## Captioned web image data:
· · · ·

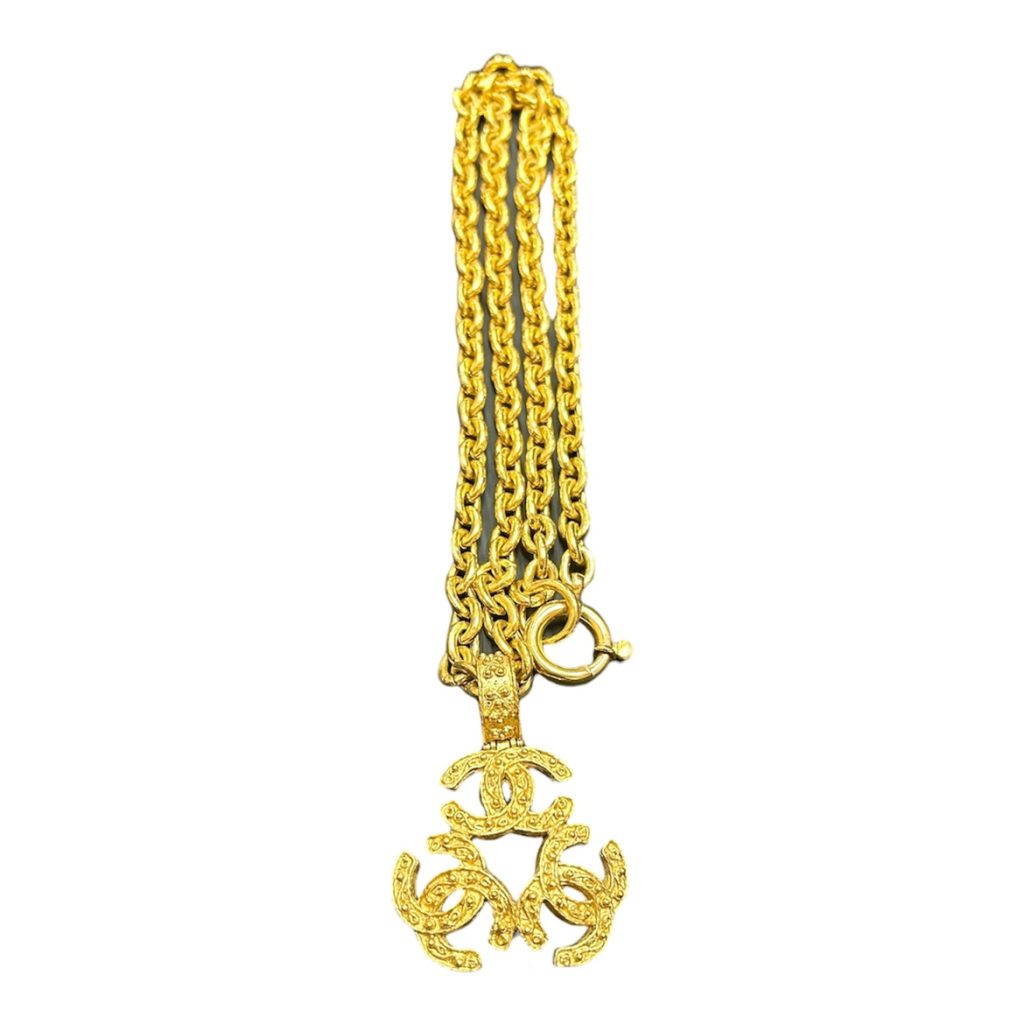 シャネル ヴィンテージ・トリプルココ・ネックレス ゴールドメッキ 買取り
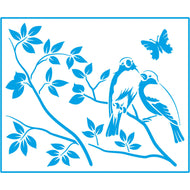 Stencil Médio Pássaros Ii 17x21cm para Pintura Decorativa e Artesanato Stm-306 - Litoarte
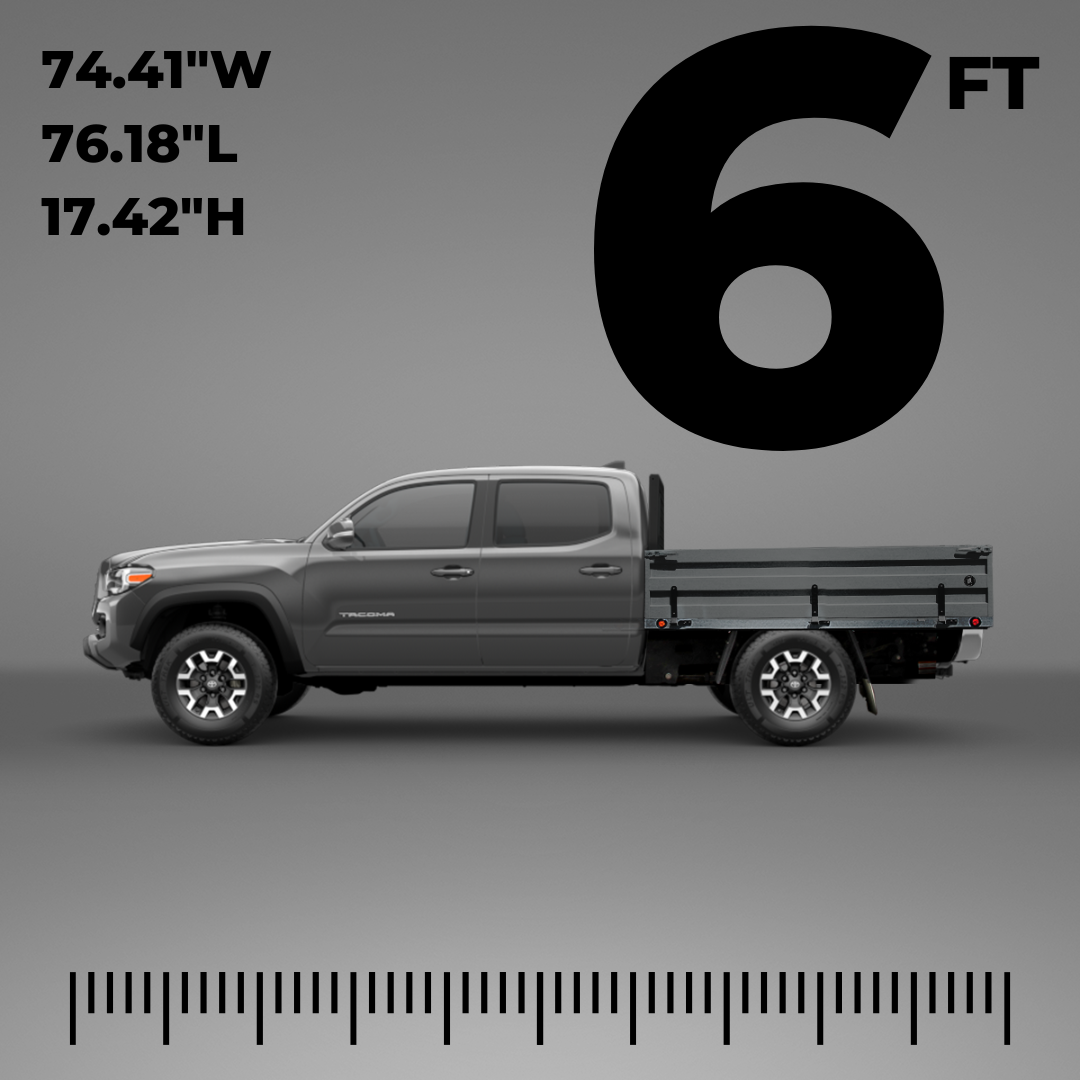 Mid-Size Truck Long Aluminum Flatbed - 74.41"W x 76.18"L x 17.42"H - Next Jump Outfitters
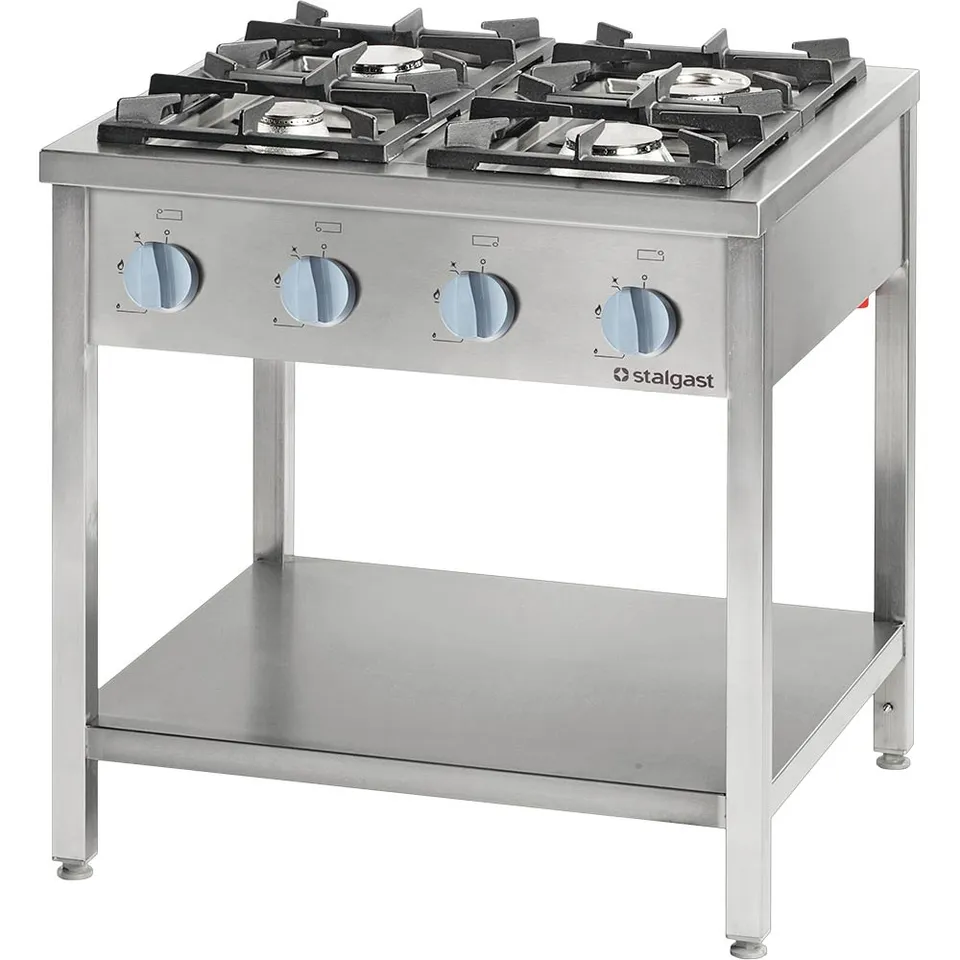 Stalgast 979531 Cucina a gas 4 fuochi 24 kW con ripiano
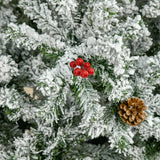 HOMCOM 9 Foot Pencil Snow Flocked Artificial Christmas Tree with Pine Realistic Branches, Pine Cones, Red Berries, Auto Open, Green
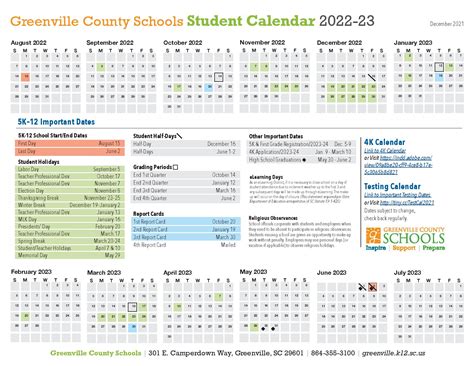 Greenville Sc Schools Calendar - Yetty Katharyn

· · · ·

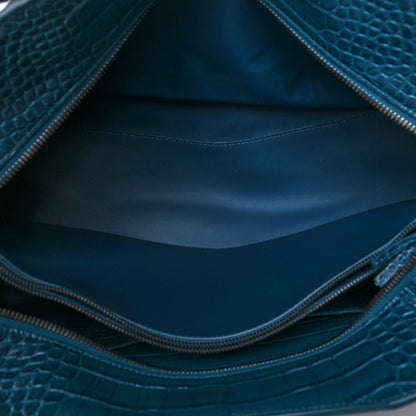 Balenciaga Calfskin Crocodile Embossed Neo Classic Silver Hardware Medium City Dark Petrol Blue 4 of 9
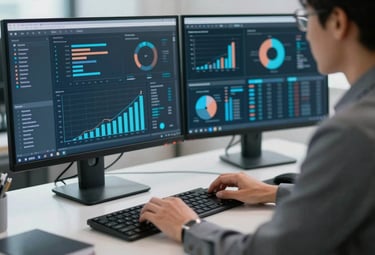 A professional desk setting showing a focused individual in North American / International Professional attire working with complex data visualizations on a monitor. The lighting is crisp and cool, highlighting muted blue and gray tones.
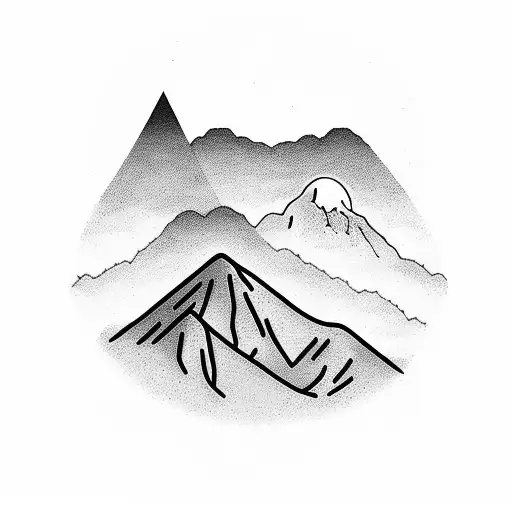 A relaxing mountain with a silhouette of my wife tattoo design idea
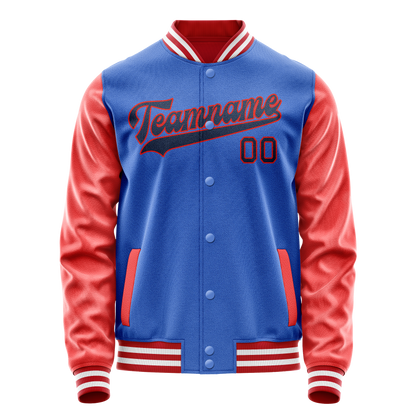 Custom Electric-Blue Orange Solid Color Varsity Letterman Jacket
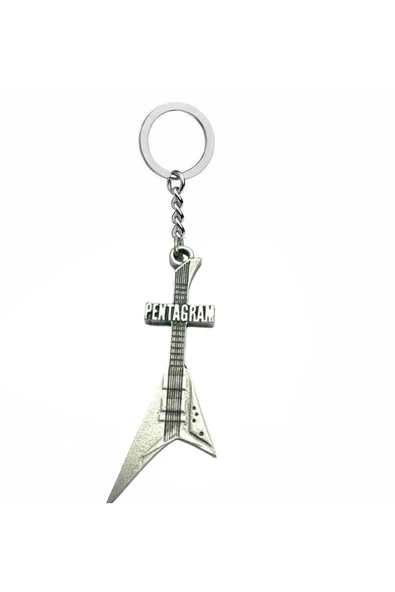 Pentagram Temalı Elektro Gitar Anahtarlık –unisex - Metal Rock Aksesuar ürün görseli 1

· · · ·

## Aim of the exercise:
Leaving out each picture, repeat exactly the lines above from the one that contains "Stencil Médio Pássaros" through the one that contains "- Yetty Katharyn".

## Exercise answer:
 Stencil Médio Pássaros Ii 17x21cm para Pintura Decorativa e Artesanato Stm-306 - Litoarte
 Mid-Size Truck Long Aluminum Flatbed - 74.41"W x 76.18"L x 17.42"H - Next Jump Outfitters
 Stalgast 979531 Cucina a gas 4 fuochi 24 kW con ripiano
 HOMCOM 9 Foot Pencil Snow Flocked Artificial Christmas Tree with Pine Realistic Branches, Pine Cones, Red Berries, Auto Open, Green
 Greenville Sc Schools Calendar - Yetty Katharyn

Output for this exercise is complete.